Night School 39: Busted!
Posted by Grady Miller on Sep 25, 2011 - 8:30:32 PM
SUN VALLEY—One of the Marias looked in vain for more merchandise. The other Maria held a cork, an ordinary cork, which was the last auctionable item on the cluttered stage, unless the copious dust could be bagged. And Jason's daughter Kit certainly had revealed a knack for turning dust into gold.
“Two dollars,” Kit barked.
“Yes,” Don Victor raised a finger.
“I'll give three,” said Maria Virginia, a plump matron.
“Five,” cried Maritza, a slender young thing.
A short, portly, florid-faced man, with coarse bristles coming out of his ears, crossed the social hall and repeated, “What's going on here?” The crowd, dollar bills in hand, behaving with the rowdiness of bettors at a dog fight, suddenly subdued at the presence of the man in black. His eyes glared, his gaze darted around the emptied stage floor.

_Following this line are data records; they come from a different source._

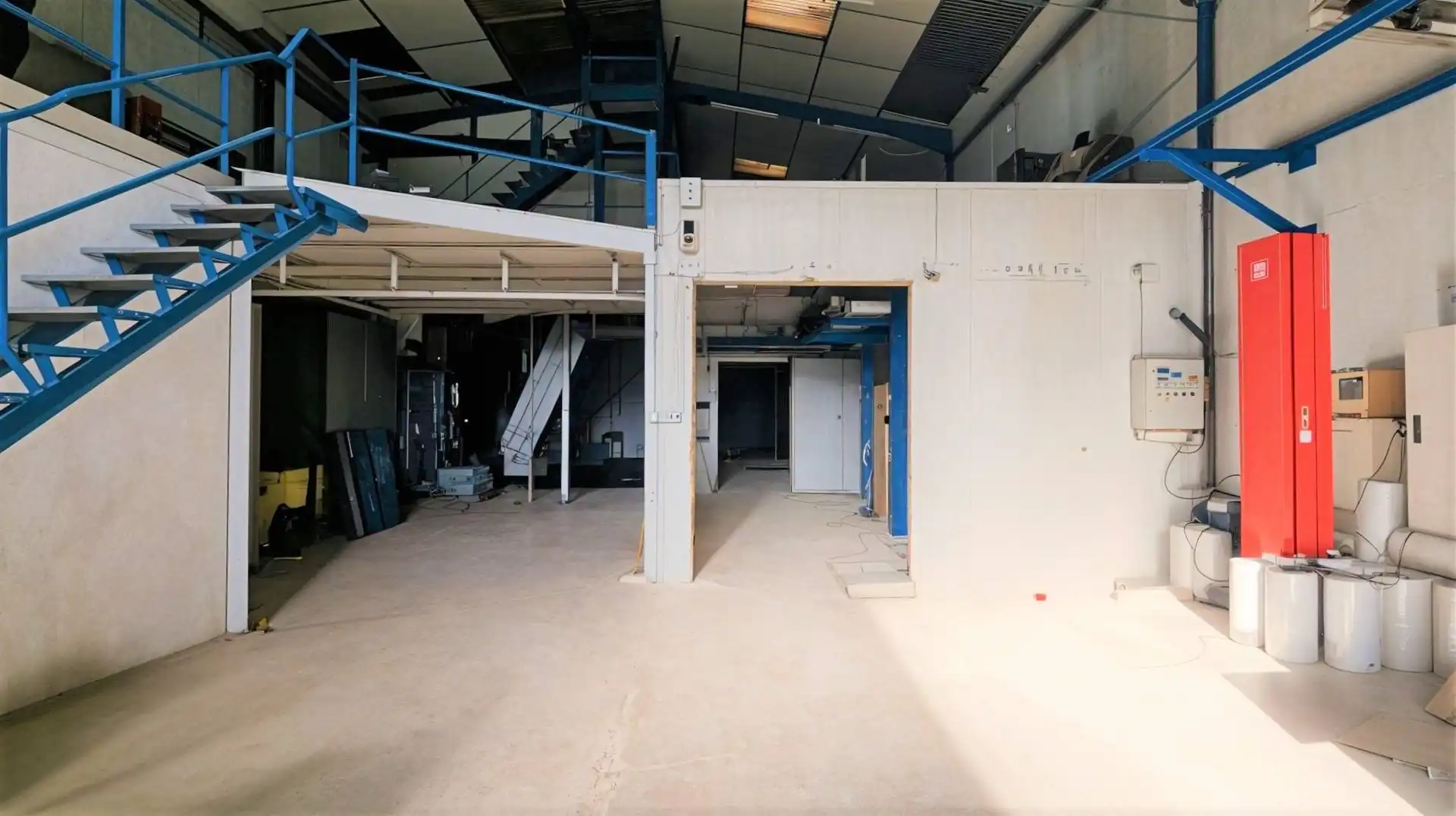 Nave industrial in vendita a Llevant, imagen 2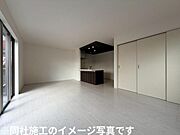 ※同社施工のイメージ写真です。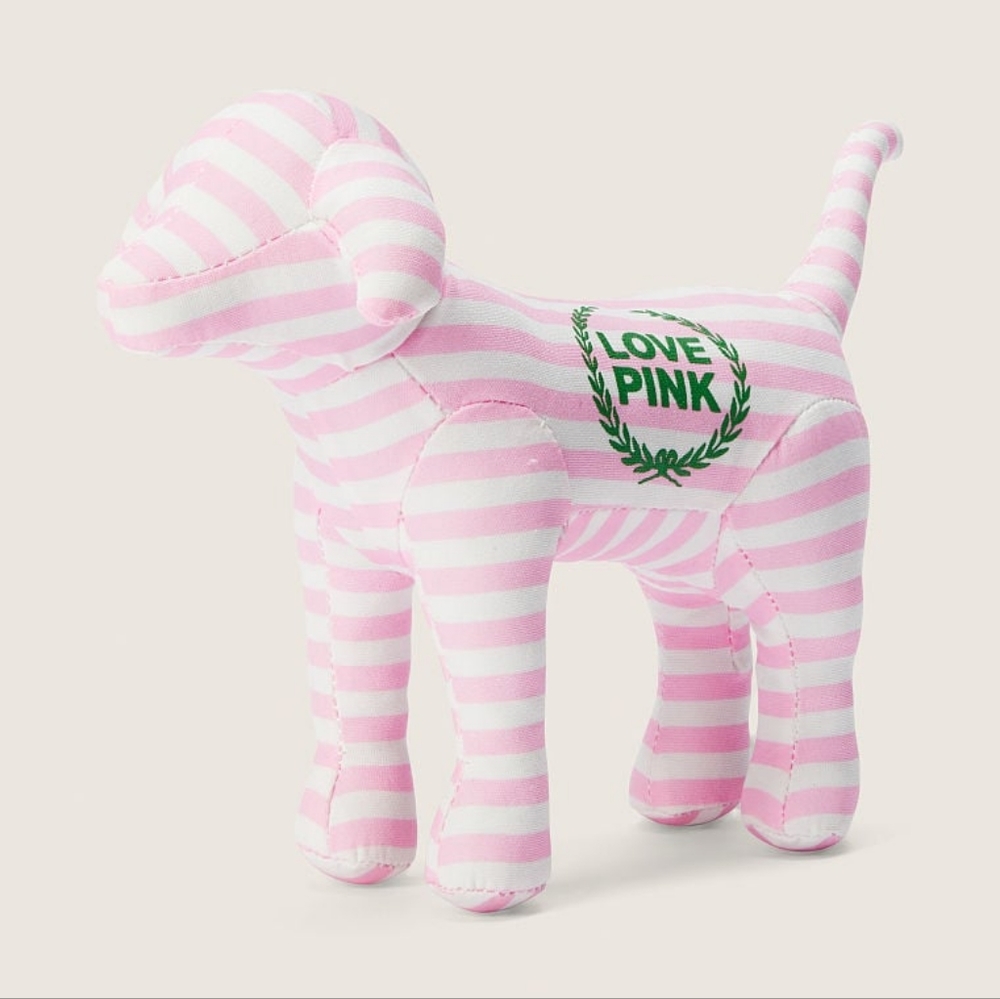 PINK MINI DOG - Picture 2 of 8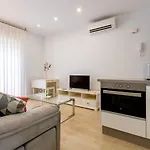 Charming 2 Bedroom Apartment Triana Bridge By Ocityzen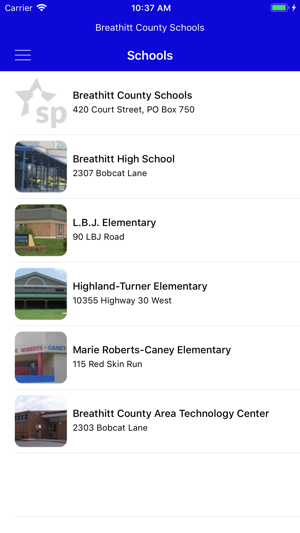 Breathitt County Schools(圖5)-速報App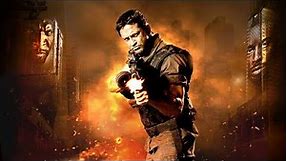 Gamer Full Movie Facts And Review | Gerard Butler / Michael C. Hall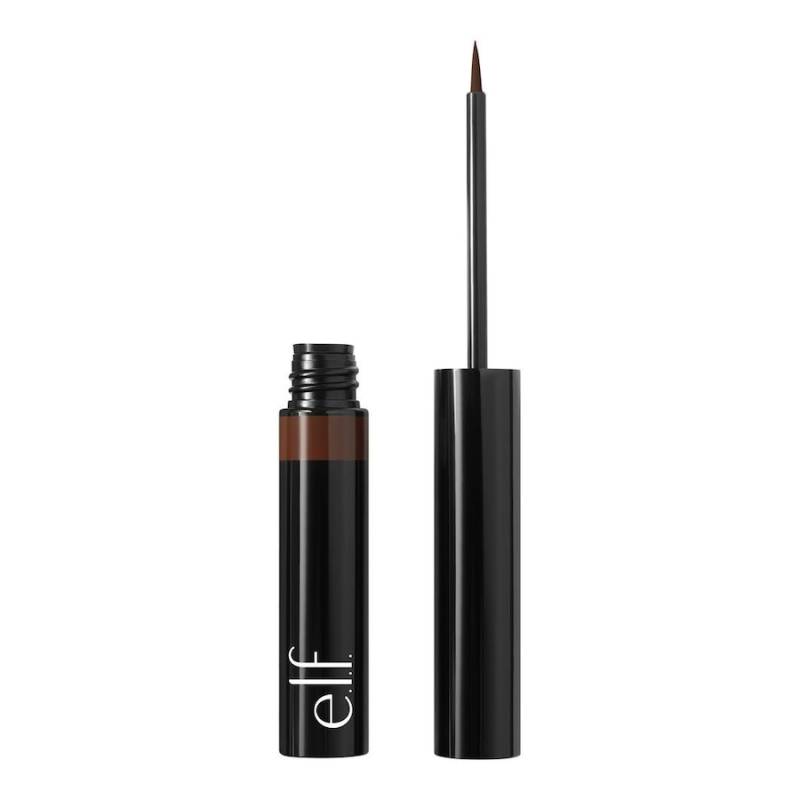 e.l.f. Cosmetics  e.l.f. Cosmetics H2O Proof Inkwell Waterproof eyeliner 3.5 ml von e.l.f. Cosmetics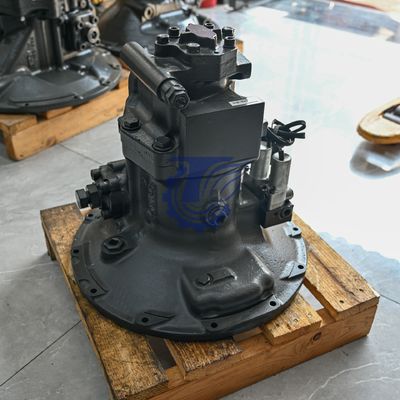 Comatsu PC100-6 120-6 Bomba principal hidráulica 708-1L-00412 708-1L-00431 708-1L-00430 708-1L-00411 708-1L-04340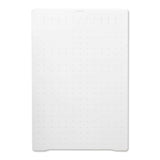 Divisor para acuarios (60 cm) - TD4060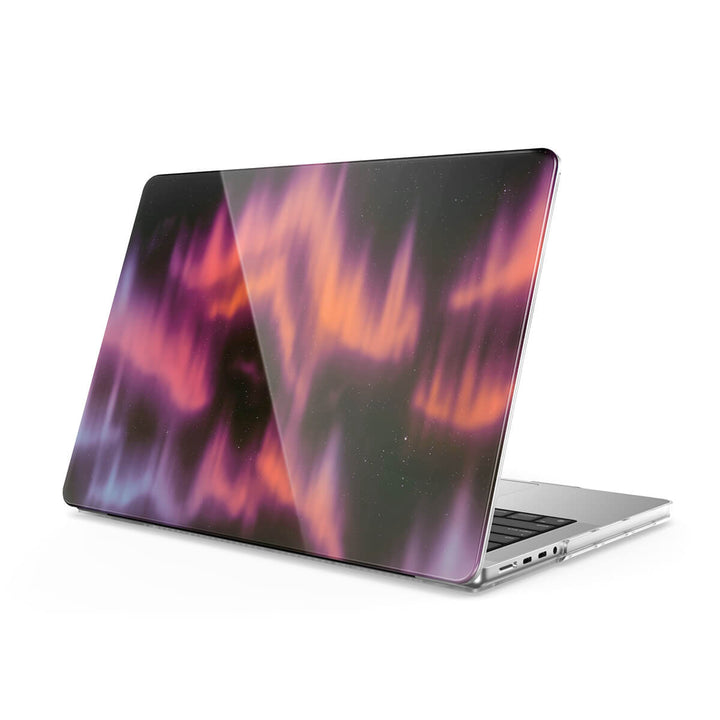 Extreme Fire - Macbook Case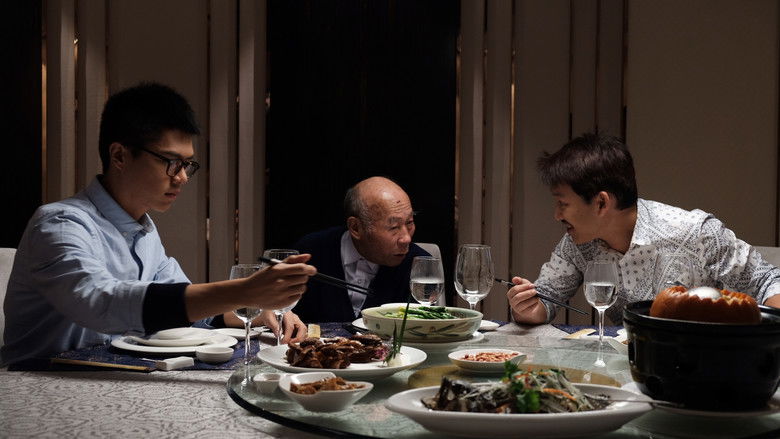 кадр из фильма 鄉‧港人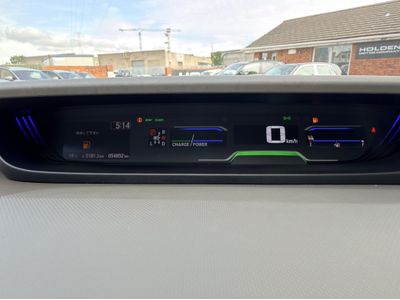 2019 Honda Freed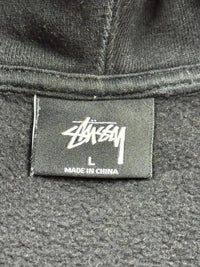 Stüssy Hoodie Basic (L)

“Who is responsible?” Father Javier said.
Every piece of junk was gone, except for the rickety piano. The two Marias retreated into the stage wings. Miguel put down the gooseneck lamp he was holding as if it had turned into molten metal and singed his palms. Sonia let go of the waist of her prize, the dressmaker's dummy. It dropped to her side. Kit, in her pink-striped flannel pajamas, stepped to the front of the stage and proffered the coffee can blossoming bills. A green bouquet fell to the floor.
“Who is responsible?” the priest persisted.
Kit said in her piercing voice, now hoarse from auctioneering, “I am.”
The priest looked at her. His moon face turned from a furrowed frown to a slow smile.
“A hundred dollars!” snorted Father Javier. “For the cork.”
“A hundred dollars once. Twice. Thrice!” Kit shouted. “SOOOOLD!”
“I have wanted to clean out that stage for years,” Father Javier said. “It was a fire hazard. All that junk thrown here.”
The priest's big meaty hand, veined by coarse bristly black hairs, pushed the money into Kit's small hands.
“Keep the money for the school, child,” he said. “Don't sell the piano, whatever you do. . .”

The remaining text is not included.